Extracted information
+--

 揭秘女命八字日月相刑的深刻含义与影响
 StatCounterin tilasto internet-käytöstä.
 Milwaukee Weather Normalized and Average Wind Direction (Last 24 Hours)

+--

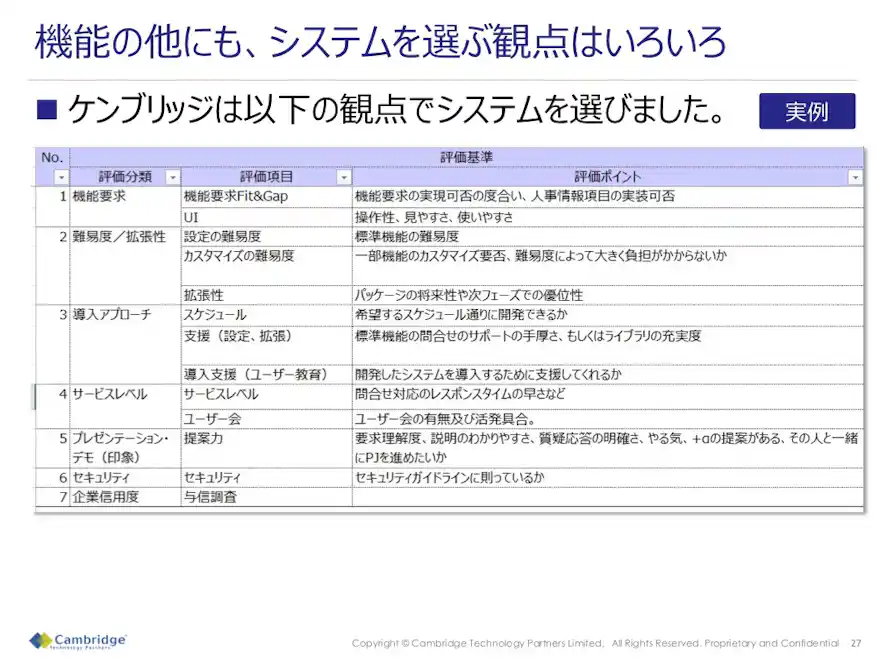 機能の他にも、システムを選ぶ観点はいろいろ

+--

Task item
The exact lines of the material above starting at the one that contains "StatCounterin tilasto internet-käytöstä." and ending at the one that contains "Milwaukee Weather Normalized" are what to retype; leave out everything else.

Task answer
 StatCounterin tilasto internet-käytöstä.
 Milwaukee Weather Normalized and Average Wind Direction (Last 24 Hours)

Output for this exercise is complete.